Here's the picture from the recipe book on what the finished cake and frosting are supposed to look like:
Lovely, isn't it?
Er, here's what mine turned out like:
Not quite so lovely, right??!? The frosting was thick and difficult to spread, even when warm, even after I added more milk. It was just grainy. I don't know if I overcooked it since it also turned out darker than in the book picture. But the true failure was in the taste test. While the cake itself was delicious, the frosting was like eating brown sugar out of the box. I'm not a big fan of frosting to begin with but, while I have a high sugar tolerance, even *I* do not make a habit of eating straight brown sugar and that's what this tasted like.
It wasn't a total loss as I now have a great vanilla cake recipe to use but next time, I'm going to pair it with a real vanilla frosting. But the main point I wanted to make by posting this is everyone has failures, myself included. I get some emails with people telling me a recipe they tried from my blog didn't turn out like mine - sometimes it's because they inadvertently left out an ingredient (Rhuwena forgetting the sugar in the pumpkin upside down cake), sometimes it's because they did a horrific substitution (margarine instead of butter - wah), or sometimes because they overbaked it. The point is - that's okay. Try and try again until you get it right. That's what I intend to do.
3/4 cup (1 1/2 sticks) butter
1 cup milk
2 cups sifted all-purpose flour
2 3/4 teaspoons baking powder
1/2 teaspoon salt
2 cups sugar
1 teaspoon vanilla extract
Gigi's Caramel Icing
One 1-pound box (about 2 2/3 cups) light brown sugar
1/2 cup (1 stick) butter
7 tablespoons evaporated milk
1 teaspoon vanilla extract
1. To make the cake, heat oven to 325˚F. Grease and flour two 9-inch round cake pans. Combine the butter and milk in a small saucepan, and cook over low heat until the butter melts. Stir well and let cool to room temperature.
2. Meanwhile, combine the flour, baking powder, and salt in a medium bowl, and stir with a fork to mix well. In a large bowl, combine the eggs and sugar, and beat well at high speed, scraping down the bowl often, until light yellow, smooth and thick.
3. Stir the flour mixture into the egg mixture, mixing only until the flour disappears. Add the cooled milk mixture and the vanilla, stir well, and divide the batter between the prepared pans.
4. Bake at 325˚F for 25 to 30 minutes, until the cakes are pale golden, spring back when touched lightly in the center, and begin to pull away from the sides of the pans.
5. Cool in the pans for 10 minutes on wire racks or folded kitchen towels. Then turn out the cakes onto wire racks or plates to cool completely, top side up.
6. To make the icing, have the cake layers handy and ready for frosting, so that you can spread the warm frosting quickly once it is ready. In a heavy medium saucepan, combine the brown sugar, butter, evaporated milk, and vanilla. Bring to a boil over medium-high heat. Stir well and then adjust the heat so that the frosting boils and bubbles gently. Cook for 7 minutes. Remove from the heat and let cool for 5 minutes.
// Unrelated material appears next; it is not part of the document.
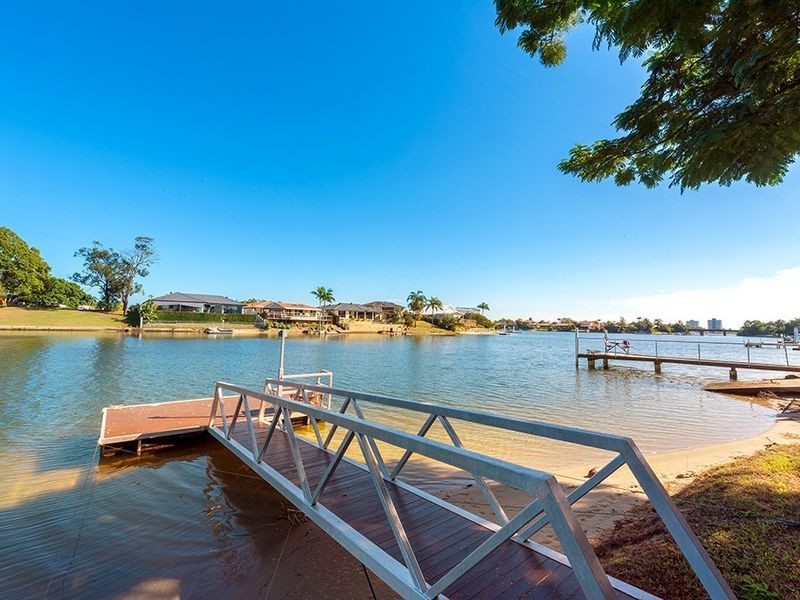 32 Arcadia Drive, Mermaid Waters QLD 4218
7. Beat the warm icing with a wooden spoon until it thickens, 2 to 3 minutes. Place a cake layer, top side down, on a cake stand or serving platter. Quickly spread some icing over the top and cover it with the second cake layer, top side up. Ice the top quickly and then spread the remaining icing over the sides.
8. If the icing becomes too hard to spread, warm gently over low heat, add a spoonful or two of evaporated milk, and then scrape and stir well until the icing softens enough to spread again. Dip a table knife in very hot water to help soften and smooth out the icing once it is spread.